The future of behavior medication?

We don’t actually know how behavior medications work. We know how they change the operations of cells — for example, we know facts like “this medication makes cells slower to recycle this particular chemical.” But we don’t have a good idea of how those cellular-level changes result in behavior-level changes. We don’t know how these medications make individuals feel better.

And that’s a problem, because not every individual responds to a particular behavior med in the same way. A pathologically fearful dog might have nasty side effects on one med, no response to a second, and then respond beautifully to a third. It’s hard on owners to have to try a variety of medications before finding the right one, especially as it takes a month or two to be sure that a particular medication is or isn’t working. (Oh, yeah, and the same is true for humans who use these drugs.)

If we knew how these medications worked, we might be able to figure out who they would work on without so much cumbersome trial-and-error. Imagine taking your shy dog to a veterinary behaviorist, who would do a genetic test and prescribe the right drug based on the results, to go along with behavior modification exercises.

My current work focuses on gene networks that differ in the brain between animals who are shy and aggressive and animals who are confident and friendly. I've always felt that my requests for funding have been a little hand-wavy as I have argued that surely my findings may help us understand behavioral medications better... You know, someday. Someday maybe my findings will help us design better medications, in fact. But that day seemed a really long way off.
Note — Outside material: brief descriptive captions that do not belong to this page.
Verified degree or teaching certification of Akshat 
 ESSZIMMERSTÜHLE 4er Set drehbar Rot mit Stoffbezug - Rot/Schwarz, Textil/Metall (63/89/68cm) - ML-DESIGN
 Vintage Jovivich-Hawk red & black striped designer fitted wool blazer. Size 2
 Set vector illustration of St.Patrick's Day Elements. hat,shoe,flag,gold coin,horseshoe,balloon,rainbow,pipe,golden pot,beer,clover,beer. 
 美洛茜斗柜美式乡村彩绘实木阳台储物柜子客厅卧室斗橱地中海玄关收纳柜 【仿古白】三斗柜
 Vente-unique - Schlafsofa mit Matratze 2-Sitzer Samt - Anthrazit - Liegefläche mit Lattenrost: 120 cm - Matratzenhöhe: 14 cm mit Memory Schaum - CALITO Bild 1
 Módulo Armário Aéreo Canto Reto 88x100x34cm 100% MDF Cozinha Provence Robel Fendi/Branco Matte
Until I read Ed Yong's story “CRISPR’s most exciting uses have nothing to do with gene editing”. CRISPR is a fancy new gene editing technology that has everyone talking about science fiction coming to pass: being able to edit human (and animal) genes to make designer babies (and animals). Edit out the gene variants for genetic diseases before a baby is born! (But hopefully don't slide down the slippery slope to editing height, skin color, eye color, personality...)

But it turns out that CRISPR may have a more subtle use: gene regulation. Soon, scientists may be able use it to tell individual genes to turn on and off (to make more or less of their product). Rather than permanently editing genes in embryos, we could temporarily modify the output of genes in adults. Suddenly my quest to find the sets of genes affecting shyness seems less quixotic. Maybe my discoveries (do you like how I assume I’ll have discoveries? Let’s just pretend it’s a sure thing) won't have to wait for drug discovery work to be useful. Maybe we’ll be able to directly turn the volume up or down on those particular genes, directly affecting pathological shyness.

Scary? Yeah, it's not something I foresee being used therapeutically in the next few years, not until we understand the brain well enough to be able to predict side effects. But it’s really cool to imagine that some day we may have this sort of fine-tuned control over psychological diseases.